1. Differential attrition, students enter in and out of treatment. Students who may enter into a small class may have previously been in a large classroom at a different school and vice versa, this creates a bias in an unknown direction.

Ashenfelter and Krueger 1994

1.) What is the causal link the paper is trying to reveal

1. Educations impact on wages

2.) What would the ideal experiment to test this causal link

1. An ideal experiment is to have a single individual both go to school and not go to school for varying years so that innate ability and other non-observable characteristics such as social skills do not impact wage.
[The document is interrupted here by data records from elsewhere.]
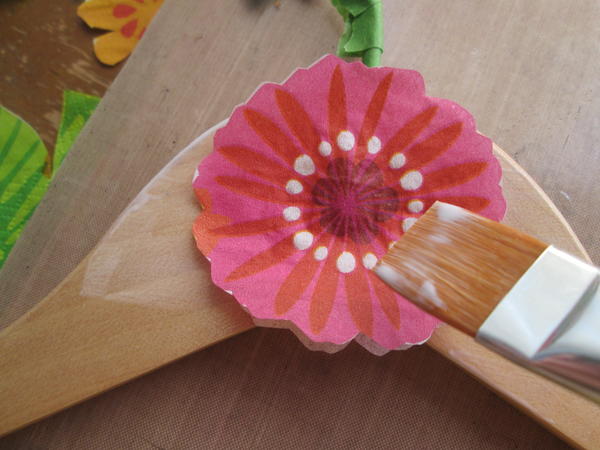 Gently brush additional medium over the flower to attach and smooth. 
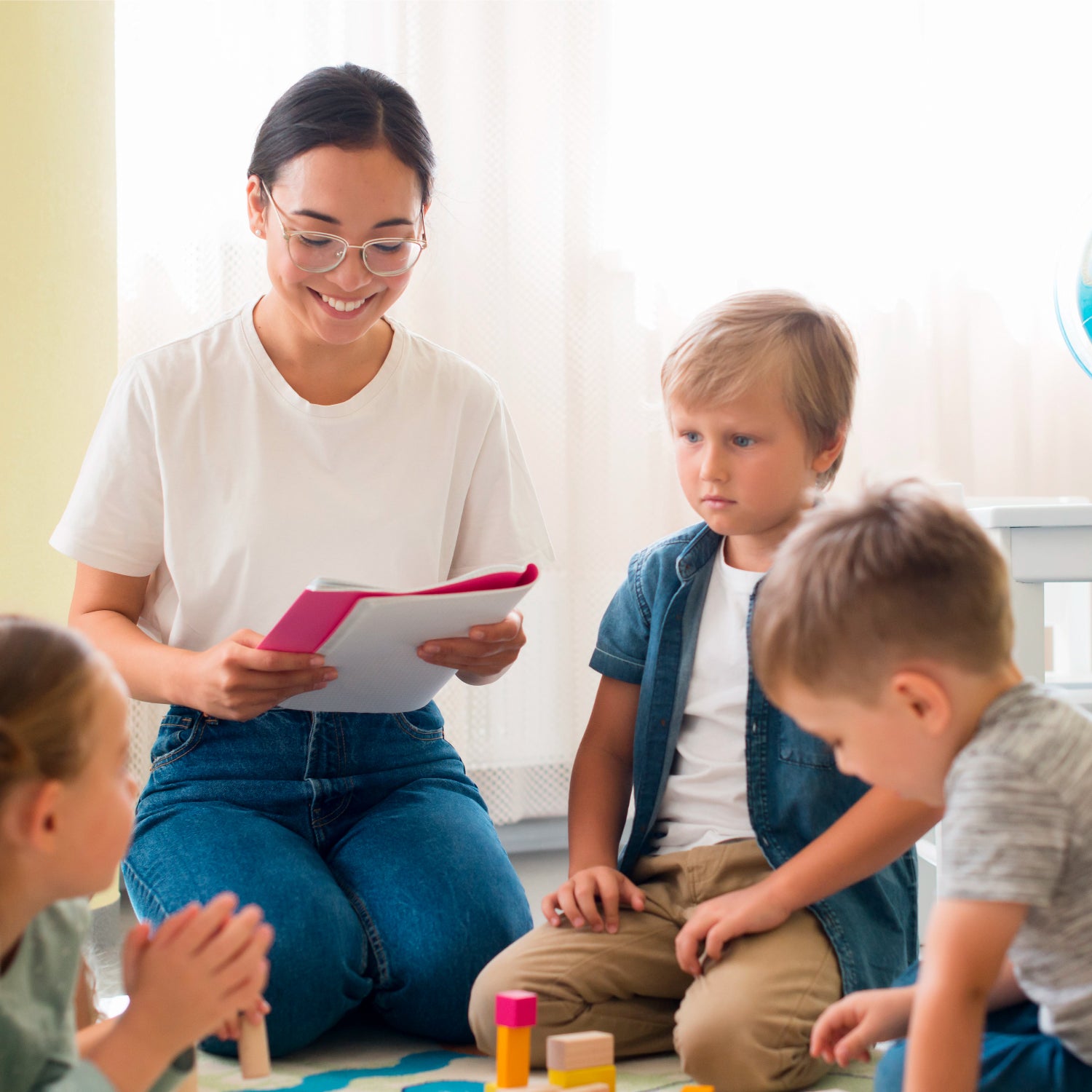 an educational or childcare setting where a female teacher or caregiver is engaging with young children, possibly during a lesson or activity.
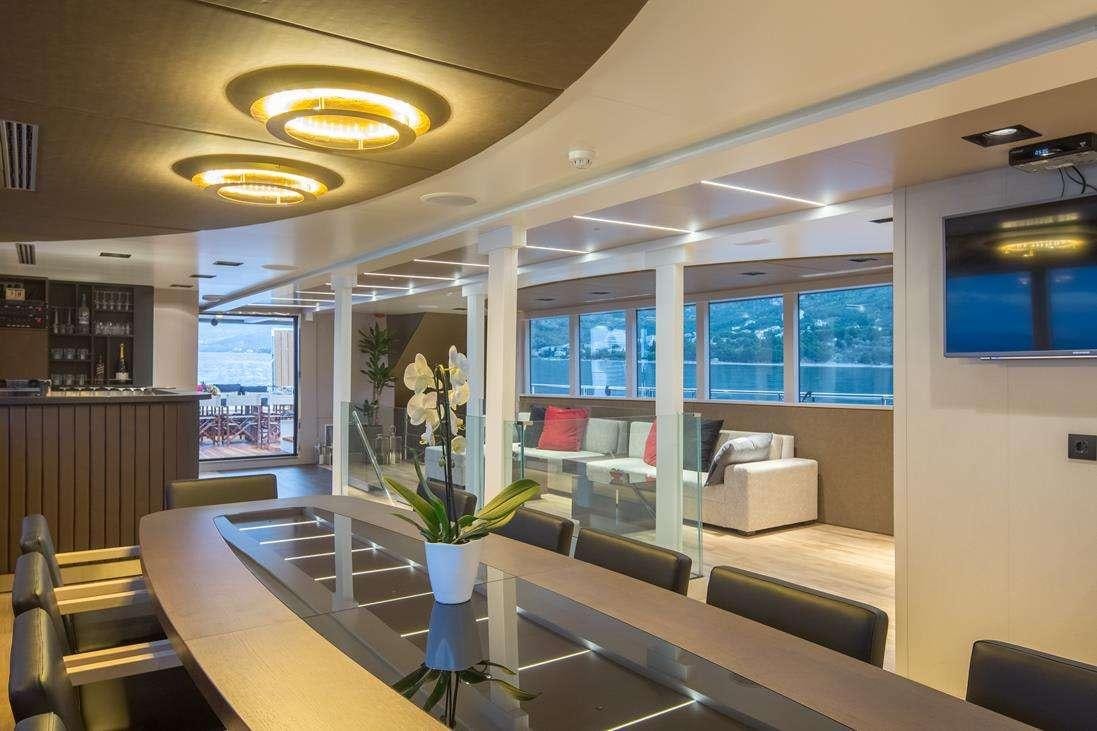 a room with a table and couches aboard RARA AVIS Yacht for Charter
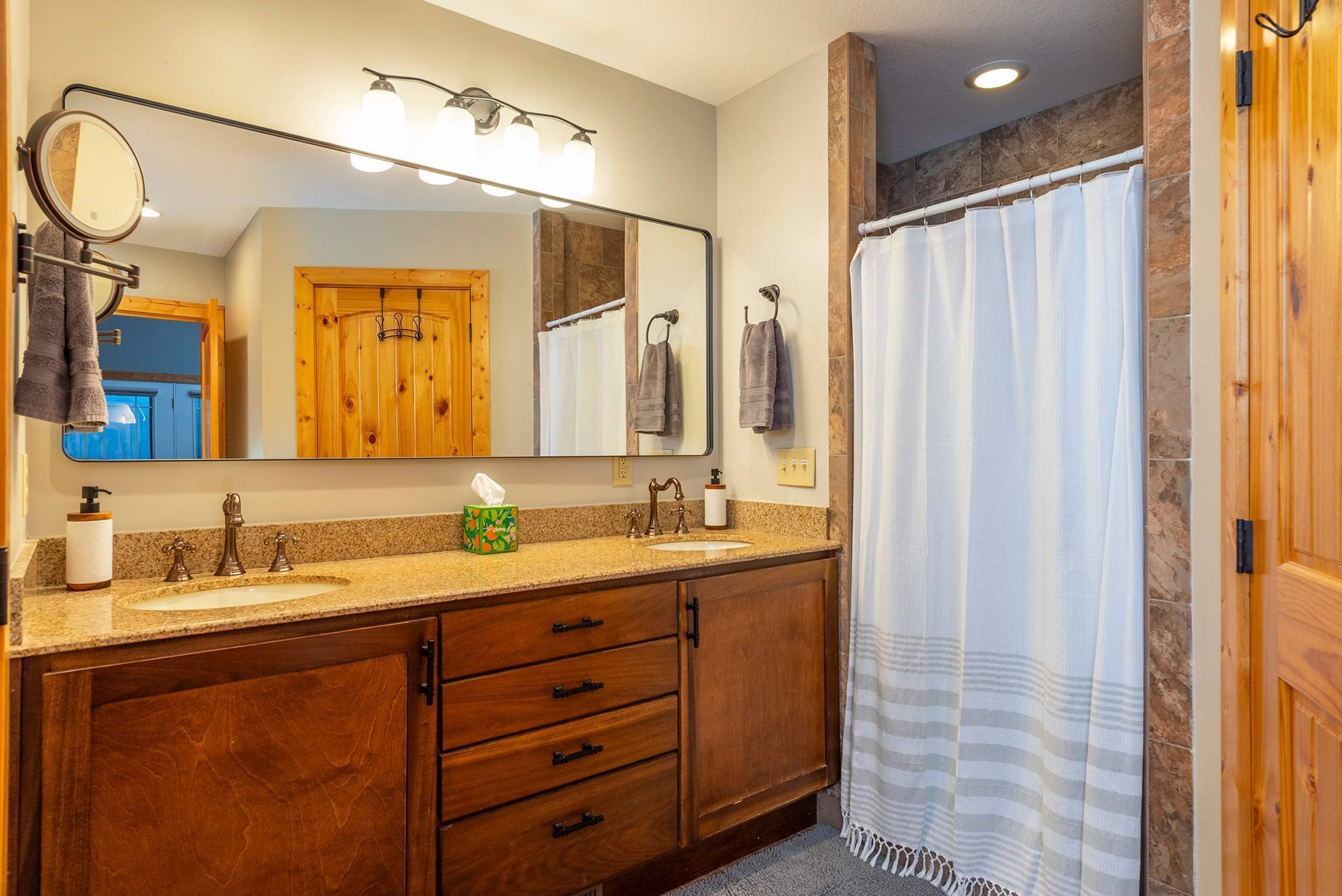 A bathroom with a wooden vanity, two sinks, a mirror, and a shower curtain.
3.) What is the identification strategy

1. For this paper they used twins to control for the non-observables since twins should be a strong counterfactual.

4.) What are the assumption/threats to this identification strategy

1. Measurement error. They claim that they find no evidence that unobserved ability is positively related to the schooling level completed, however this seems unlikely.
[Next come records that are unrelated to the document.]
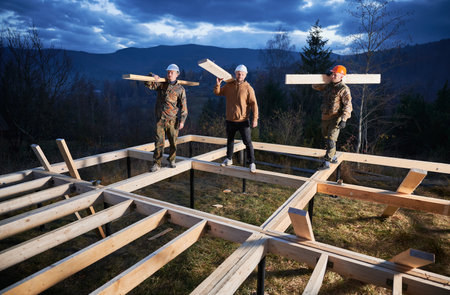 Men workers building wooden frame house on pile foundation. Portrait of three carpenters carrying wooden planks for timber framing. Carpentry concept.の写真素材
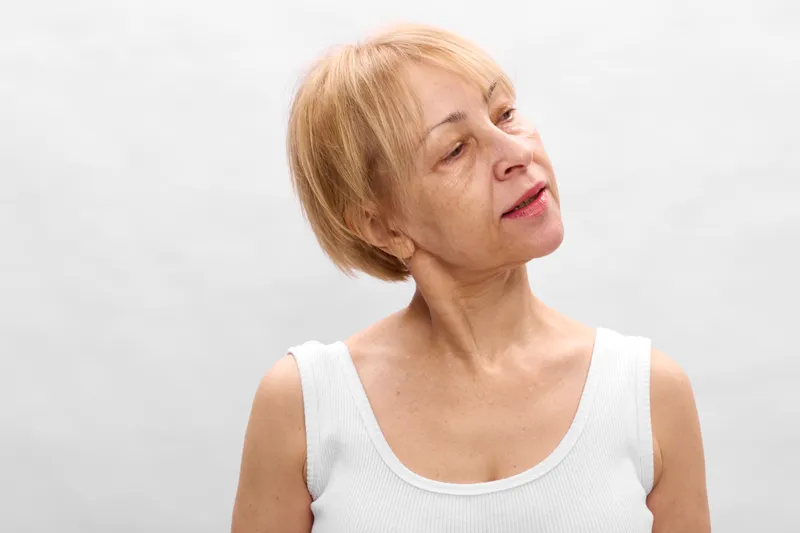 Elderly woman coughing indoors on white studio background, sick respiratory illness grimace, health symptom care medical checkup concept, copy space for message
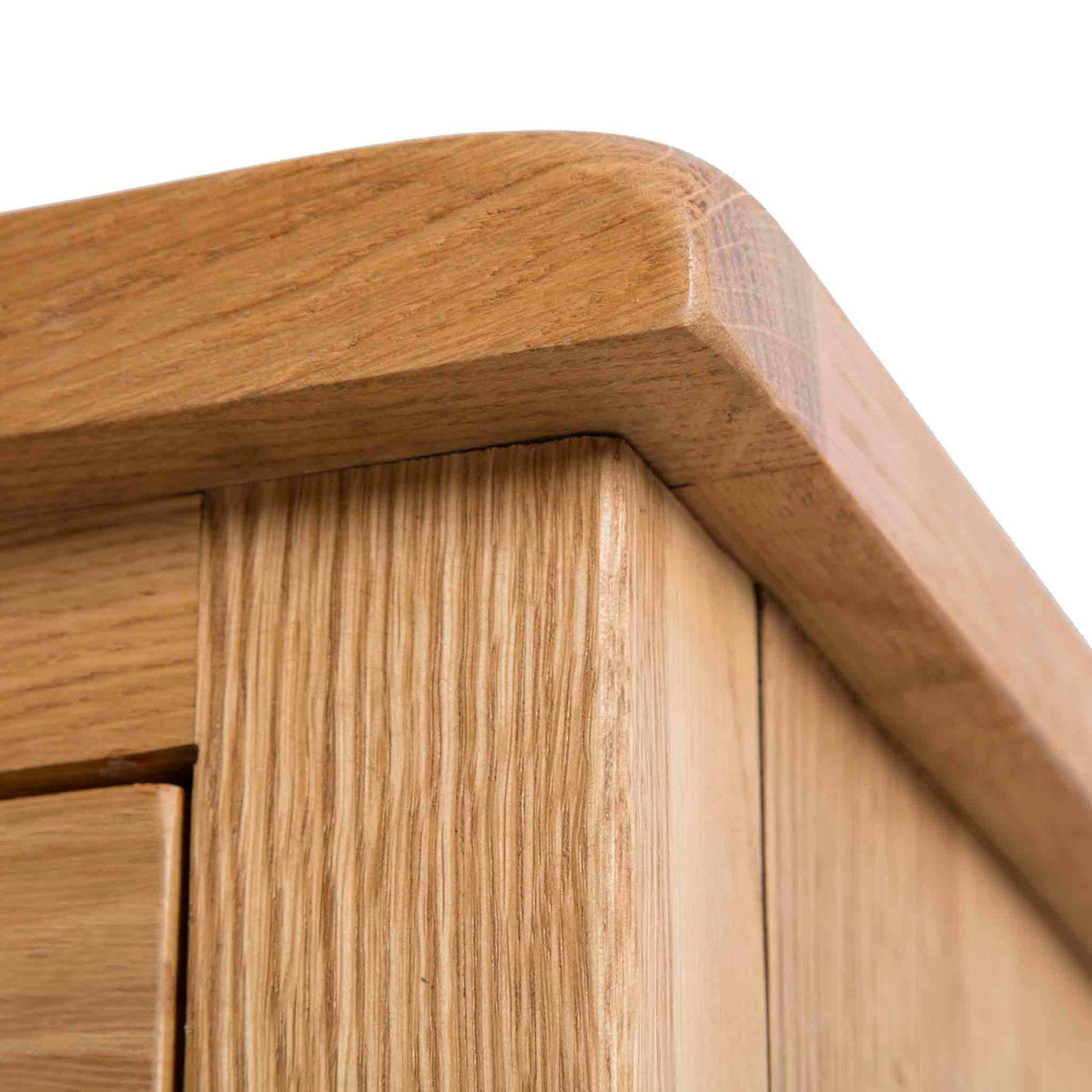 Surrey Oak 2 Over 3 Chest of Drawers - Close up of top corner of drawers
2. Another potential issue is sampling. In the sample, the authors stated, more women and whites than in CPS sample. This may result in a non-representative sampling. Furthermore, identical twins are not a perfect counterfactual leading to unknown biases.

Replication

twins<-read.csv('./AshenfelterKrueger1994_twins.csv')
#twins<-as.data.table(twins)
colnames(twins)<-c('famid','age', 'educ.T1', 'educ.T2', 'lwage.T1','lwage.T2', 'male.T1','male.T2','white.T1','white.T2')
long<-reshape(twins, direction='long',
              varying=c('educ.T1', 'lwage.T1', 'male.T1','white.T1', 'educ.T2','lwage.T2','male.T2','white.T2'),
              timevar='twin',
              times=c('T1','T2'),
              v.names=c('educ','lwage','male','white'),
              idvar=c('famid','age'))
long<-long[order(long$famid),]

twins$D.Ed=twins$educ.T1-twins$educ.T2
twins$D.lw=twins$lwage.T1-twins$lwage.T2
FD2<-lm(D.lw~D.Ed,data=twins)
stargazer(FD2,type='html')

	Dependent variable:
	D.lw
D.Ed	0.092***
	(0.024)
Constant	-0.079*
	(0.045)
Observations	149
R2	0.092
Adjusted R2	0.086
Residual Std. Error	0.554 (df = 147)
F Statistic	14.914*** (df = 1; 147)
Note:	p<0.1; p<0.05; p<0.01

The coefficient on eduction, B=0.092, should be interpreted as 1 more year of education leads to an 9.2% increase in wages holding all else constant.

long$age2<-long$age^2/100
Table3.1<-lm(lwage~educ+age+age2+male+white, data=long)
stargazer(Table3.1,type='html')

	Dependent variable:
	lwage
educ	0.084***
	(0.014)
age	0.088***
	(0.019)
age2	-0.087***
	(0.023)
male	0.204***
	(0.063)
white	-0.410***
	(0.127)
Constant	-0.471
	(0.426)
Observations	298
R2	0.272
Adjusted R2	0.260
Residual Std. Error	0.532 (df = 292)
F Statistic	21.860*** (df = 5; 292)
Note:	p<0.1; p<0.05; p<0.01

The coefficient on the education variable should be interpreted that for a 1 additional year of education, your wage should increase by 8.4% holding all else constant. The coefficients on controls shouldn’t be interpreted closely as they are controlling for other factors correlated with wage but not with education such as innate ability, social skills, social norms, etc.